Is the building and operating of a station permitted by a grant of a right of way?

California, United States of America


The following excerpt is from Atchison, T. & S. F. Ry. Co. v. Abar, 275 Cal.App.2d 456, 79 Cal.Rptr. 807 (Cal. App. 1969):

At least one California court has stated that 'the building and operating of a station' is permitted by a grant of a railroad right of way 'for railroad purposes only.' (City of Glendora v. Faus (1957) 148 Cal.App.2d 920, 926, 307 P.2d 976.) The grant provisions of the 1898 deed in the present case contain no such unlimited language. The term 'railroad purposes' appears only in the deed's definition of the use whose cessation will effect a reversion to the grantor; so used, the term does not operate to expand the extent of the use permitted by the deed.
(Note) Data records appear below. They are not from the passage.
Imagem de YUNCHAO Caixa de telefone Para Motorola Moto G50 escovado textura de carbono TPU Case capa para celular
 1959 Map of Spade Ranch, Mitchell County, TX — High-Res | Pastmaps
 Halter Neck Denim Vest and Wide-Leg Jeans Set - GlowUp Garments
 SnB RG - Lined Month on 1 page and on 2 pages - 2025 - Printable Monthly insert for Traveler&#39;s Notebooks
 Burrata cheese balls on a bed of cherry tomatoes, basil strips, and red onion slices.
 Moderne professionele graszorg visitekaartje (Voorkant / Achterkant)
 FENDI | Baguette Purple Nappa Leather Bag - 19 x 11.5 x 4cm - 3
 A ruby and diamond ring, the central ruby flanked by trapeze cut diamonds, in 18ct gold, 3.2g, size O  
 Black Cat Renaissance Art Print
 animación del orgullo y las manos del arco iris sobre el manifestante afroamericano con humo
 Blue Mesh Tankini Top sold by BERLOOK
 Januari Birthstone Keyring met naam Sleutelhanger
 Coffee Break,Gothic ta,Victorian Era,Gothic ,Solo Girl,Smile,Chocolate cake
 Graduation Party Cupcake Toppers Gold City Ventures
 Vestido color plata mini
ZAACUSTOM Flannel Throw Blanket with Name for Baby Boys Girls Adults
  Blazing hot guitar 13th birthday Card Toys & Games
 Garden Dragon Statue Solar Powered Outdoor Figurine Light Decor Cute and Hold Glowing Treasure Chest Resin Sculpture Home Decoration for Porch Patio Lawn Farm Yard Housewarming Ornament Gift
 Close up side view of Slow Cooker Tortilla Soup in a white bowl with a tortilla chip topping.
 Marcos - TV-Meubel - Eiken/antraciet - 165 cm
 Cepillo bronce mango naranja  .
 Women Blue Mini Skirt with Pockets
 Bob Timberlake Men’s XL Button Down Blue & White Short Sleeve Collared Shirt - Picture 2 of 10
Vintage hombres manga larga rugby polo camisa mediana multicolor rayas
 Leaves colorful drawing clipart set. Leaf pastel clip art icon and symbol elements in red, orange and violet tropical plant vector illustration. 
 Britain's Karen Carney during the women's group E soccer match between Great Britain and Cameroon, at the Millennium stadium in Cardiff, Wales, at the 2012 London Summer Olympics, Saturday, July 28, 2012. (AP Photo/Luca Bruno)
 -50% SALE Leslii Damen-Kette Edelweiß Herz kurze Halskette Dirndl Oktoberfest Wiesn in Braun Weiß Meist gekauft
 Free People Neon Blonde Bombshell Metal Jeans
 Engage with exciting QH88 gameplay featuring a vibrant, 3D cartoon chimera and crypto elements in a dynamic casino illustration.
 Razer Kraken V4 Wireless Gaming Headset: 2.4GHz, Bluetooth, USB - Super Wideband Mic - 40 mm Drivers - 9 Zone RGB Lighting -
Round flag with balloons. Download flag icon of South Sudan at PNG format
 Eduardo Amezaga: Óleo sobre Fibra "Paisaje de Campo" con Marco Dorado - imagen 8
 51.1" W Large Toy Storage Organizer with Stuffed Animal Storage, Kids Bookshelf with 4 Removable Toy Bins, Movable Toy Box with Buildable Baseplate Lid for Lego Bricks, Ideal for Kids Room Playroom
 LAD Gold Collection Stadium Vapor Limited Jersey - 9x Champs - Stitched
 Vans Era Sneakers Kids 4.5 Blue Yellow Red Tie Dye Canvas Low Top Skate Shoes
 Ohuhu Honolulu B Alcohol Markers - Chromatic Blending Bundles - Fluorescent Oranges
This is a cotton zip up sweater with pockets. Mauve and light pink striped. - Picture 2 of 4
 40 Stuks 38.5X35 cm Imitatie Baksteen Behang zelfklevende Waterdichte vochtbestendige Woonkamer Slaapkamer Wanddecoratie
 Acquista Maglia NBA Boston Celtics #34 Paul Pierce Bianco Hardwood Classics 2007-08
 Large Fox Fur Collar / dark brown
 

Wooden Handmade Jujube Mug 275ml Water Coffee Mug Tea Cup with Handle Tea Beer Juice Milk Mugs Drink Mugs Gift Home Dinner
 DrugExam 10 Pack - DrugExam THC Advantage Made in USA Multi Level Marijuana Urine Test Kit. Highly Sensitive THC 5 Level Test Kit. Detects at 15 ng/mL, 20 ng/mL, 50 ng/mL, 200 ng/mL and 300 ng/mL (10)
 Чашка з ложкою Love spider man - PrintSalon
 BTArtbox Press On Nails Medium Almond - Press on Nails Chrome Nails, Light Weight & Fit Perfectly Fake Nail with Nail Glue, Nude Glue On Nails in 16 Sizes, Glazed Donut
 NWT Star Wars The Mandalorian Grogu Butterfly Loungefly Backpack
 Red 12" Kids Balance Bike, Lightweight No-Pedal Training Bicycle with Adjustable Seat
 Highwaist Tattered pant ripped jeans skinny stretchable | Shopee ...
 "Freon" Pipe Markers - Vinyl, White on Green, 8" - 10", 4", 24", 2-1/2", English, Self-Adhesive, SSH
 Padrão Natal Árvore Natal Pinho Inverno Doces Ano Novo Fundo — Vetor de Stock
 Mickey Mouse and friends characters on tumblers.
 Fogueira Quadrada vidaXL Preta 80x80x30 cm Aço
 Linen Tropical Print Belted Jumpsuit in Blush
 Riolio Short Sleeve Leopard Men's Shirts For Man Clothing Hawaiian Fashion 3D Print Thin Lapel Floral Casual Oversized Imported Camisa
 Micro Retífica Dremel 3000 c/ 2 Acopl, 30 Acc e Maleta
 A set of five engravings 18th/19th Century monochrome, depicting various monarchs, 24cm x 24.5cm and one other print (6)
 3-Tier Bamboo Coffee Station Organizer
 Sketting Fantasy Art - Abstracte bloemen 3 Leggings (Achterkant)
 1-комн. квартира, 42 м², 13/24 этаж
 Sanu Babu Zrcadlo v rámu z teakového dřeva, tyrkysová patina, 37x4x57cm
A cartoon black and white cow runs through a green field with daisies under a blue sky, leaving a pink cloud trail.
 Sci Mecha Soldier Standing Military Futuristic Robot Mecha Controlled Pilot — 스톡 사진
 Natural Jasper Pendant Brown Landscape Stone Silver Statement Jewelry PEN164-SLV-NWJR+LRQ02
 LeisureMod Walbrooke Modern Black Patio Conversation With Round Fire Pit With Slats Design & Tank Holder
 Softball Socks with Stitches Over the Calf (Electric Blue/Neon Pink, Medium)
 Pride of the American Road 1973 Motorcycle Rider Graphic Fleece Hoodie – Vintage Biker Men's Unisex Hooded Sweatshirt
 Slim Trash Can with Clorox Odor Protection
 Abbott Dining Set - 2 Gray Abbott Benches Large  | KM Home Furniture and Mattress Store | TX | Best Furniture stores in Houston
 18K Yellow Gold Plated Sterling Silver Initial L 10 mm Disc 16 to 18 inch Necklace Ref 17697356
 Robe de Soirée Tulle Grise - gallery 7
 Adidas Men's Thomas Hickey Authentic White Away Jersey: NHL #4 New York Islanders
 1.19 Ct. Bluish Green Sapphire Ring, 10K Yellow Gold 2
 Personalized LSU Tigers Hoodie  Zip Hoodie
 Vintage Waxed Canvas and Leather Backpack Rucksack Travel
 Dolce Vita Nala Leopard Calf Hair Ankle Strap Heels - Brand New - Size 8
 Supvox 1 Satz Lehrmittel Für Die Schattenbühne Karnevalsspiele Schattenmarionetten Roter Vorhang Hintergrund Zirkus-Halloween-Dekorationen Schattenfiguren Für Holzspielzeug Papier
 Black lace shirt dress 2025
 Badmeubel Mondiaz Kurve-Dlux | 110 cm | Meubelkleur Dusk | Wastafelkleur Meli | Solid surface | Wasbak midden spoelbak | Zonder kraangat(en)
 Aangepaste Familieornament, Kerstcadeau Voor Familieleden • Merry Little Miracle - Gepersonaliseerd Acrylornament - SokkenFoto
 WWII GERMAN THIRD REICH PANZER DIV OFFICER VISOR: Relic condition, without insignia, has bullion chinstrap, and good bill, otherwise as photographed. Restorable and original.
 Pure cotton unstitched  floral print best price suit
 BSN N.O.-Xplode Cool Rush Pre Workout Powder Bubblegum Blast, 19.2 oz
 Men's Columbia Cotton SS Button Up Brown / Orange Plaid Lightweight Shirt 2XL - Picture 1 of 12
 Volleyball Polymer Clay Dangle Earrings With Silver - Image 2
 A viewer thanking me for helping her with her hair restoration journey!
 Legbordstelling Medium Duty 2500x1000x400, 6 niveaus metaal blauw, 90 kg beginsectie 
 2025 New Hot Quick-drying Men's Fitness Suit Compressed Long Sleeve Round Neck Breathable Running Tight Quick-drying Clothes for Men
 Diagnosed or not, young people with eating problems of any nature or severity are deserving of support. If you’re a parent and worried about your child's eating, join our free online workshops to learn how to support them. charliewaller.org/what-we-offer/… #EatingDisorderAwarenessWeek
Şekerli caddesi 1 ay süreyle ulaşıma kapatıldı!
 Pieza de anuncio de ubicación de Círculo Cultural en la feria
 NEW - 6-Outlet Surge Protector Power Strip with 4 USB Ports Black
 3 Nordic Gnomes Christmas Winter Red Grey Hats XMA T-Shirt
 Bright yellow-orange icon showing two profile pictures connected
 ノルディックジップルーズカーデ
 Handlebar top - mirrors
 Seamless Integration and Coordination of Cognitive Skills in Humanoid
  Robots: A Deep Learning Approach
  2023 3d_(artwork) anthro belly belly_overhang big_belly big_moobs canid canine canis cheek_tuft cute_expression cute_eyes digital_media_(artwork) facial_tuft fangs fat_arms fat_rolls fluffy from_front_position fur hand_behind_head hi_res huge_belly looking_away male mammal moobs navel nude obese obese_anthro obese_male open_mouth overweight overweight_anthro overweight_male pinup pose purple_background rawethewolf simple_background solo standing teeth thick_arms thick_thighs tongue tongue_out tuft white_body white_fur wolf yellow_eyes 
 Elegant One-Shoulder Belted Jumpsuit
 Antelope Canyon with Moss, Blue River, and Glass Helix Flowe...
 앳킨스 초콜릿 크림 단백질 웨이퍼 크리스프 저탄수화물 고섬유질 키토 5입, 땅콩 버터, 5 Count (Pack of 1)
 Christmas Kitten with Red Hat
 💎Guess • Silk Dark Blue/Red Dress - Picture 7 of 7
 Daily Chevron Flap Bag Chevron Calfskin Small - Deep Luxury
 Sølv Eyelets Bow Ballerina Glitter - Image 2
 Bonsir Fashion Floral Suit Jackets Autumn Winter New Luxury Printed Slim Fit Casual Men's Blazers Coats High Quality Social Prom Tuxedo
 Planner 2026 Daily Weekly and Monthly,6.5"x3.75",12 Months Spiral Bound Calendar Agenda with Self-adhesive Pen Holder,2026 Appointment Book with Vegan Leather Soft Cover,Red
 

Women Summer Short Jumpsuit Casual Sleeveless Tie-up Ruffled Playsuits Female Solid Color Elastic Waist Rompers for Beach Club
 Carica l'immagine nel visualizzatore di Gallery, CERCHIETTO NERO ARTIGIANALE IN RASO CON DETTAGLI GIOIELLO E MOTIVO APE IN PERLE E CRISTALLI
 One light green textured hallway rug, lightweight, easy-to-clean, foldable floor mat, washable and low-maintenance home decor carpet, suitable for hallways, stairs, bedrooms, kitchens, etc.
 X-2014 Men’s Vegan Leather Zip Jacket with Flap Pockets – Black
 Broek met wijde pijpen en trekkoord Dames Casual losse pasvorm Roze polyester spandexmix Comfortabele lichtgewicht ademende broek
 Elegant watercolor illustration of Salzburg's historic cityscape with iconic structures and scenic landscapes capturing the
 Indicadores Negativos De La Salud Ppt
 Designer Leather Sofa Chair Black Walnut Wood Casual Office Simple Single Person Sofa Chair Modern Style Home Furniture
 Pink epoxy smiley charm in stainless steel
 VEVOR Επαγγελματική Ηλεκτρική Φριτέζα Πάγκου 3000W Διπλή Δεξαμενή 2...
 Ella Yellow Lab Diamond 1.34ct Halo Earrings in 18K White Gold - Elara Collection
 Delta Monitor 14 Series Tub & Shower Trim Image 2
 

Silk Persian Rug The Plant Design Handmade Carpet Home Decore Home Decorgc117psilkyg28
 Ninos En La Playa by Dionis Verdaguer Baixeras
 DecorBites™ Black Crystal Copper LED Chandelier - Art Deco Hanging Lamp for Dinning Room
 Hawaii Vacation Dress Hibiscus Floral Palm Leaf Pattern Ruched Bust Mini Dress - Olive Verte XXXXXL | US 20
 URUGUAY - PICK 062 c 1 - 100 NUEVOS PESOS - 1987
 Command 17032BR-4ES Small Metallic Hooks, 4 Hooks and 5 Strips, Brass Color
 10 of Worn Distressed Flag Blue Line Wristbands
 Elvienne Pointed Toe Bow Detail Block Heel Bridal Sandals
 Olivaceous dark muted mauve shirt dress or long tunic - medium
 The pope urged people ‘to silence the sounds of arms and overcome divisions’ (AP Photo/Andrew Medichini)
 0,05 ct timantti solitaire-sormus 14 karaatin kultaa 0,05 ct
Thus, the trial court's finding of fact no. 2 is unsupported by the evidence to the extent that it declares the railroad to be the owner of a right of way 'for railroad purposes,' because the 1898 deed does not so provide. Finding no. 5, that the railroad has 'continuously used * * * (the right of way) * * * For railroad purposes' (italics added) is similarly unsupported. The only evidence of a railroad use for other than main line purposes was testimony that (as declared in finding no. 4) team tracks were operated in the vicinity in 1916 and in 1944. Neither of these was on the present Abar property, and the operation of neither of them gave the railroad any greater rights than it acquired in the 1898 deed.